§ Task objective
The result should hold only the lines from the one with "Brian Bosworth Signed" through the final line of the data below, transcribed exactly, pictures left out.

§ Dataset excerpts

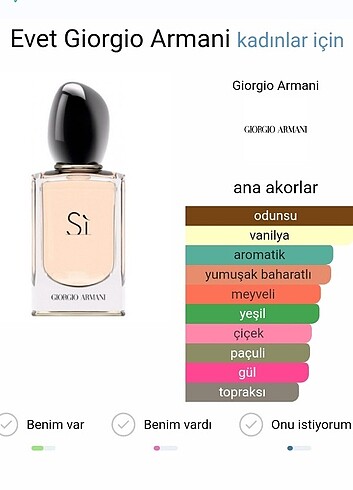 Giorgio Armani Eyfel W78 kadın parfümü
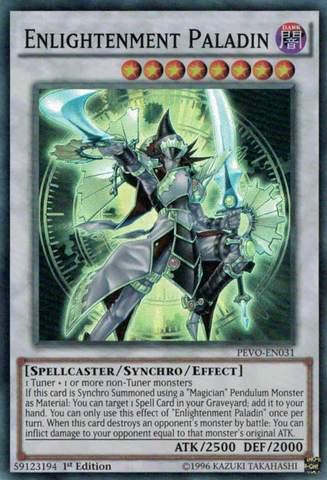 Enlightenment Paladin [PEVO-EN031] Super Rare 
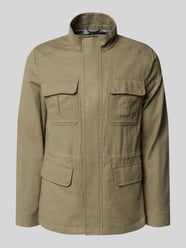 Kurtka o kroju regular fit z mieszanki lnu ze stójką od Geox - 13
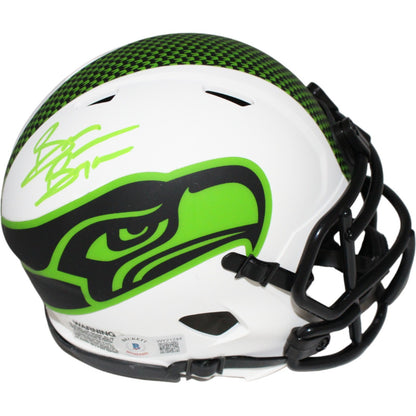 Brian Bosworth Signed Seattle Seahawks Lunar Mini Helmet (Beckett)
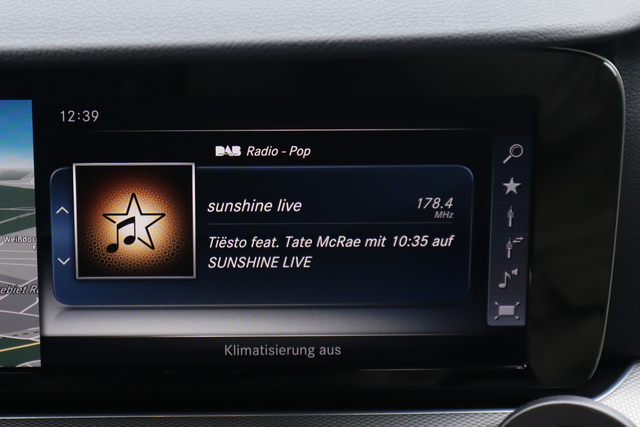 Kufatec OEM DAB-integrering Mercedes E-klasse (W213) 2016 - 2020 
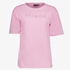 Dames acid wash T-shirt Miami roze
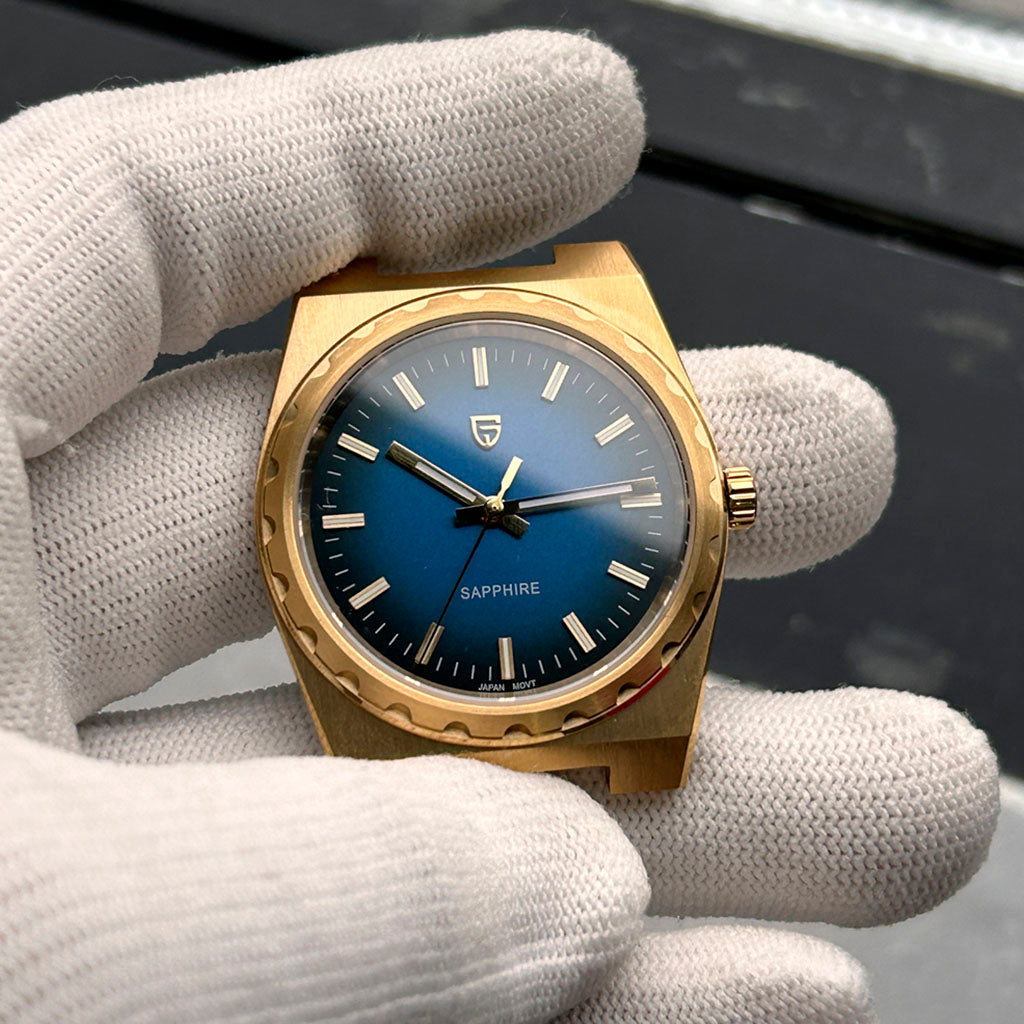 Design Drift Gold Blue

§ Reply to the exercise
 Brian Bosworth Signed Seattle Seahawks Lunar Mini Helmet (Beckett)
 Kufatec OEM DAB-integrering Mercedes E-klasse (W213) 2016 - 2020 
 Dames acid wash T-shirt Miami roze
 Design Drift Gold Blue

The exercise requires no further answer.